Since the byteswapped FS is only one of many, it took a number of these panics and much discussion with others before I realized it was probably happening on the byteswapped file systems. Code inspection also yielded that in the above, "pgend" was negative. I added the following local patch to get a little more information:
Index: sys/uvm/uvm_vnode.c
===================================================================
RCS file: /cvsroot/src/sys/uvm/uvm_vnode.c,v
retrieving revision 1.99
diff -u -r1.99 uvm_vnode.c
--- sys/uvm/uvm_vnode.c 30 Jul 2012 23:56:48 -0000 1.99
+++ sys/uvm/uvm_vnode.c 22 Aug 2015 14:58:54 -0000
@@ -346,7 +346,7 @@
* toss some pages...
*/
- KASSERT(newsize != VSIZENOTSET);
+ KASSERTMSG((newsize >= 0), "newsize is %"PRIx64, newsize);
KASSERT(vp->v_size <= vp->v_writesize);
KASSERT(vp->v_size == vp->v_writesize ||
newsize == vp->v_writesize || newsize <= vp->v_size);
and started seeing panics like this more frequently:
panic: kernel diagnostic assertion "(newsize >= 0)" failed: file "/home/riz/src/sys/uvm/uvm_vnode.c", line 349 newsize is d400000000000000
Stopped in pid 1987.1 (find) at netbsd:cpu_Debugger+0x4: bx r14
db{3}> bt
0xa19d3a5c: netbsd:vpanic+0xc
0xa19d3a74: netbsd:__udivmoddi4
0xa19d3ac4: netbsd:uvm_vnp_setsize+0x19c
0xa19d3b04: netbsd:ffs_loadvnode+0x104
0xa19d3b6c: netbsd:vcache_get+0x2d0
0xa19d3c24: netbsd:ufs_lookup+0x884
0xa19d3c5c: netbsd:VOP_LOOKUP+0x48
0xa19d3cac: netbsd:lookup_once+0x19c
0xa19d3d7c: netbsd:namei_tryemulroot+0x528
0xa19d3db4: netbsd:namei+0x34
0xa19d3ddc: netbsd:fd_nameiat.isra.0+0x64
0xa19d3e4c: netbsd:do_sys_statat+0x6c
0xa19d3f04: netbsd:sys___lstat50+0x2c
0xa19d3f7c: netbsd:syscall+0x84
0xa19d3fac: netbsd:swi_handler+0xa0
db{3}>
"newsize" varies, but clearly looks like it's been the victim of byteswapping (or lack thereof) at some point.
>How-To-Repeat:
Mount a bigendian FFSv2 on a littleendian system and do cvs updates, pkgsrc bulk building and other fs-intensive activities thereon.
>Fix:
None given.
>Audit-Trail:
From: David Holland <dholland-bugs@netbsd.org>
To: gnats-bugs@NetBSD.org
Cc:
Subject: Re: kern/50162: Lurking byteswap problem in FFS_EI ?
Date: Sun, 23 Aug 2015 03:50:55 +0000
On Sat, Aug 22, 2015 at 03:20:00PM +0000, riz@NetBSD.org wrote:
> "newsize" varies, but clearly looks like it's been the victim of
> byteswapping (or lack thereof) at some point.

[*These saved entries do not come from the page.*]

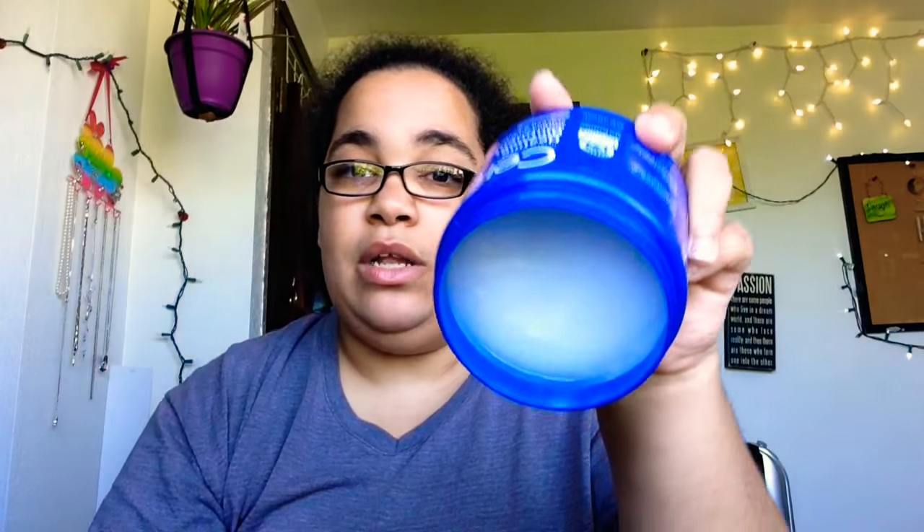I think it's just everybody's body type and how the body reacts to things — they say non-greasy but it can feel greasy. Anyway, this is what it looks like — it's like a normal ointment, very light.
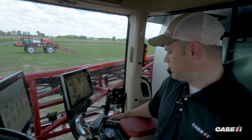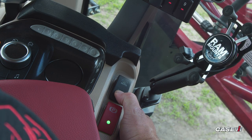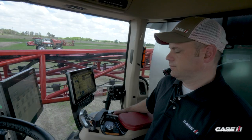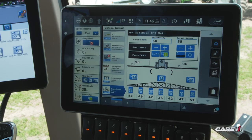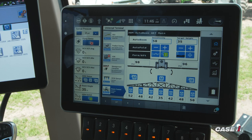To activate the folding functionality, there's a button on the right-hand console. To unfold the boom, we'll press and hold the button in the downward position. Once you see that the boom is unfolded and in the spray position, you'll see on your auto boom screen that our auto boom has been enabled and ready to be activated in the job.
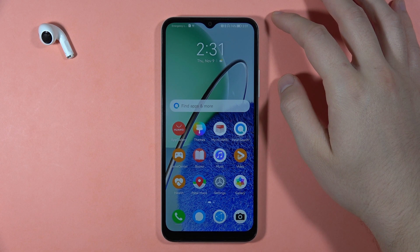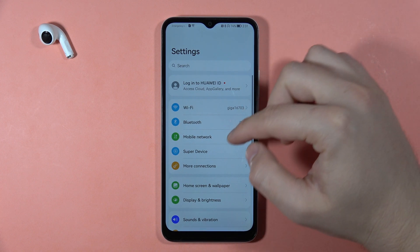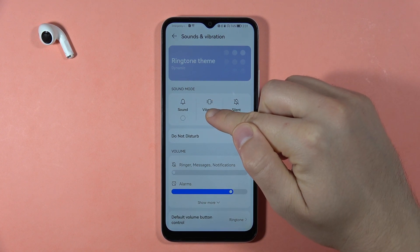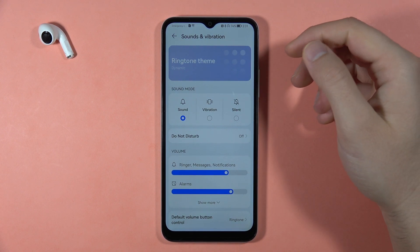To turn on or off the silent mode on the Huawei Nova Y61, first open the Settings, then go to Sounds and Vibration. From the Sound Mode option, you can switch to turn on silent mode, turn it off, or switch to vibration or normal sound mode.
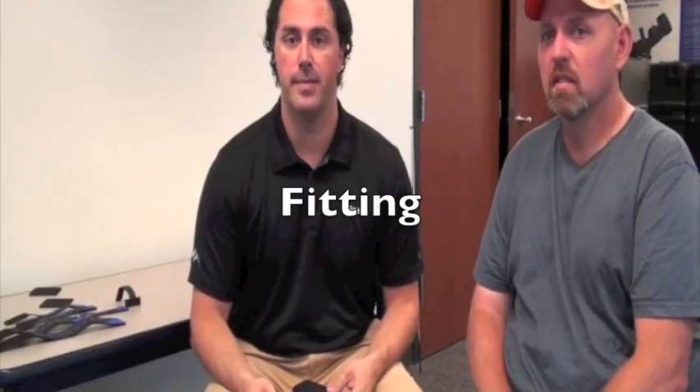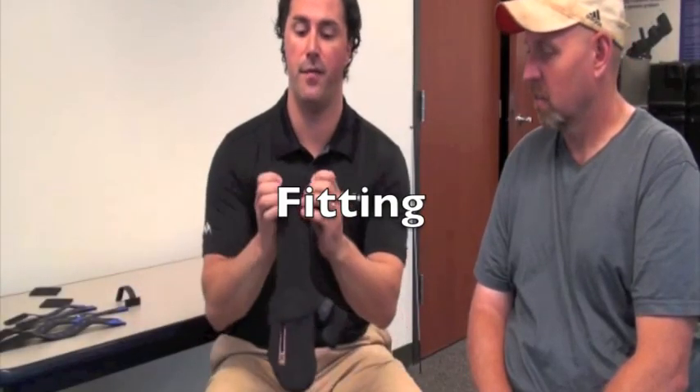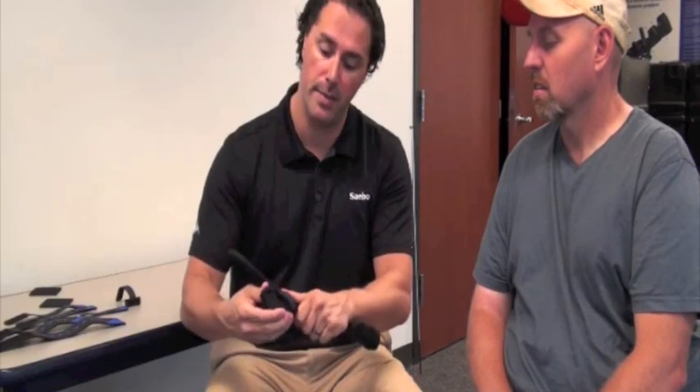Now that we've bent the wrist mount, it's time for the fitting. The first thing you want to do is bend the forearm stabilizers and bend the thumb mount. To bend the thumb mount, simply grab it, bring it down just a little — you don't need to bend it too much — and then bend the thumb stop in.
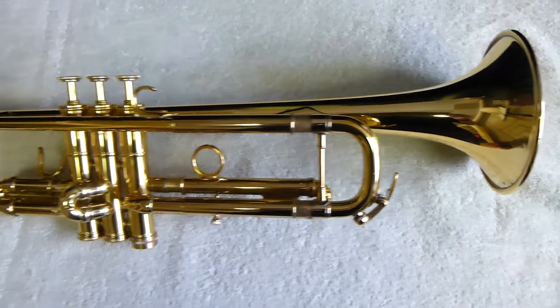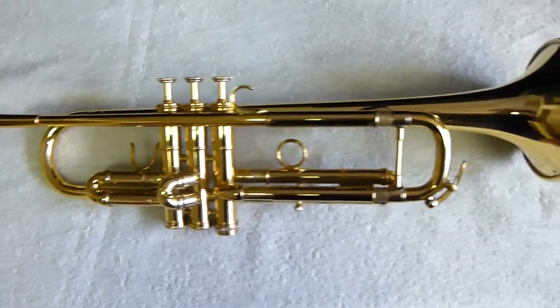It's a really nice horn and for a super fair price at Austin Custom Brass.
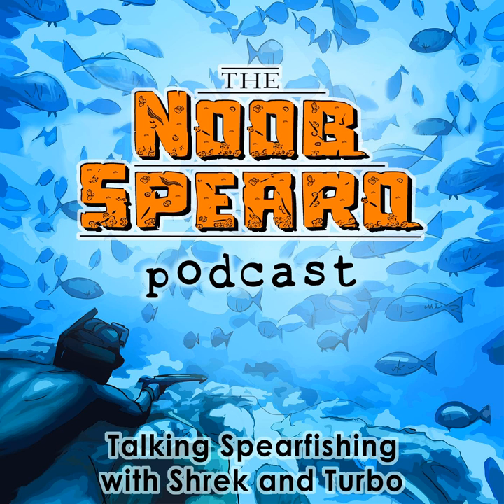Thanks for listening to today's show. Make sure to leave us a review on iTunes or Stitcher. To learn more about becoming a better Spearo, visit us at noobspero.com and subscribe to our newsletter. If you subscribe, we'll send you the Noob Spearo guide to getting started, which includes the Dive Day Equipment Checklist. You also get the top 10 tips for becoming a better Spearo from the world's best and more. One of those tips? Get a mentor — that one pops up a lot.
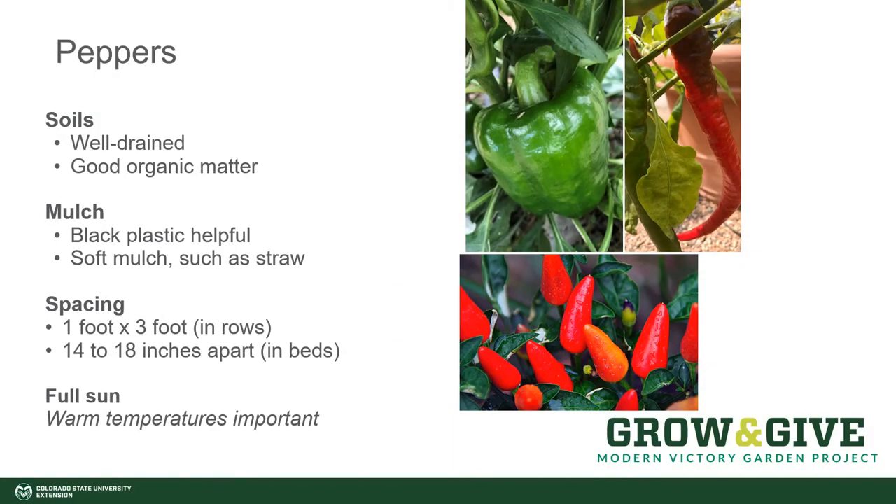In looking at your garden for where to plant peppers, you want to choose a location in full sun. The soil should be well-draining and amended with good organic matter, such as compost. Plan for some type of mulch in order to keep the weeds down and to keep moisture consistent in the soil. It's ideal to run a drip line of irrigation underneath black plastic — that's the best way to provide a nice mulch for these plants. But if you'd rather not use plastic in your garden, a soft mulch such as straw will do just nicely.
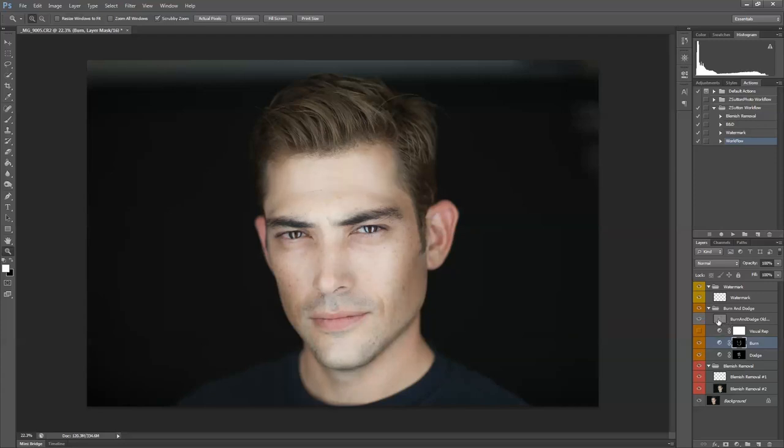With the old way it seems to have a little more contrast and it brings out a little more reds — that's why I started doing the new way, but I still like it a lot. I also have this visual rep layer, which just shows you what you're doing if you're having trouble seeing it, because sometimes it makes the colors easier to see. For headshots, this is perfect — it doesn't look like it's retouched, but it definitely gives definition to his jawline and cheekbones and kind of makes it more of a 3D look. That's how I burn and dodge.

Something I should have thought of earlier: any indication if the
on-disk size is also flipped?
Given that we couldn't find a nonswapping path in the load code, I
wonder if it's being written out wrong.
--
David A. Holland
dholland@netbsd.org
From: Jeff Rizzo <riz@NetBSD.org>
To: gnats-bugs@NetBSD.org
Cc:
Subject: Re: kern/50162: Lurking byteswap problem in FFS_EI ?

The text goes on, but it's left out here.